In recent weeks these have included telephones, computers, family, bird (singular), tree (also singular), sleep, and hands (plural). All of these shows have presented their subject matter in a way that could be seen to prepare the viewing audience for a live of servitude in the services industry - aka customer services - in any of it's many guises. Incidentally, since expressing and developing this theory I've discovered that Elmo's World is in fact part sponsored by McDonalds.

Elmo's wanderings through the world are controlled by a sinister fish called Dorothy who expects Elmo to read her thoughts in order to gather her "suggestions" about what they should think about today. Dorothy is the perfect Orwellian dominant force: she is an overwhelmingly silent and brooding character yet her every whim is fulfilled with grim cheerfulness by the ever-grinning Elmo.
Elmo's attempts to investigate Dorothy's latest command are inevitably hampered in some way by his computer which dances abound the room chanting, "Elmo has mail!" until he has begged it to calm down sufficiently that he is permitted to fleetingly view his mail. Anyone who has ever worked in an office can identify with this loathsome character, although for the record I must state that Elmo has yet to receive a Nigerian bank scam. Another source of reference for Elmo is his TV, which every episode comes up with a new appropriate show for him to watch in order to improve himself. This is a more efficient vision of the future than the current diet of reality TV, whilst no doubt having much the same numbing effect.

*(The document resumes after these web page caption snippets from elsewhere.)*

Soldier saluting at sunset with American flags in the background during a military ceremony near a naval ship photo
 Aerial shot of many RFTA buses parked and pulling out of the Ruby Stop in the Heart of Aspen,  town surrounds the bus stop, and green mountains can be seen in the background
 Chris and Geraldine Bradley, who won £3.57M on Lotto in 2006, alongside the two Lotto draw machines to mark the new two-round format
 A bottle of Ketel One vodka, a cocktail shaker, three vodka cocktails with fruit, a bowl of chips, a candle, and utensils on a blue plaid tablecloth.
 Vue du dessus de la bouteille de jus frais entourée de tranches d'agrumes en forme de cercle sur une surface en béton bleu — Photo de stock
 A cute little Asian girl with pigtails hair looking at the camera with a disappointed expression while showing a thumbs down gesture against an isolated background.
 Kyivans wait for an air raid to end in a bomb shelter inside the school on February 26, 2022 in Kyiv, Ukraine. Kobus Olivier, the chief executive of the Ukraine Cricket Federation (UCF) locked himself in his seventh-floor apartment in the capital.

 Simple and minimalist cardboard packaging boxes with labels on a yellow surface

Elmo's emotional and social development was so stunted by Dorothy's regime of forced interaction with both the TV and the computer that in one episode Elmo sat and filmed the telephone as he babbled at its inert form. Dorothy's evil plan of subdigation of the prospective workforce is aided by Mr. Noodles, who is frequently called upon to demonstrate now not to go about using the episodes theme; for example, when asked how to demonstrate washing his hands he first put his socked feet into the sink. His purpose in the coming New World Order is to con the despondent workers into thinking that life could be worse - after all, they could be just like him.
Once the suspicion that Elmo's World had this subtext it meant that it was hard to view the episode concerning the family without instantly think of sweatshops. However, in Elmo's defence, he doesn't know any better and may well think that he is teaching valuable life lessons in saying, "a skateboard doesn't eat a banana, but a monkey riding on a skateboard will eat a banana. A chair doesn't eat a banana, but a monkey on a chair will eat a banana. A banana doesn't eat a banana, but a monkey holding a banana eats a banana..." - despite the fact that such lessons will only be important is the world is overrun by zombies, and the struggling brainwashed workers try to recall if eating your own kind is now socially acceptable under recent anti-terrorism laws.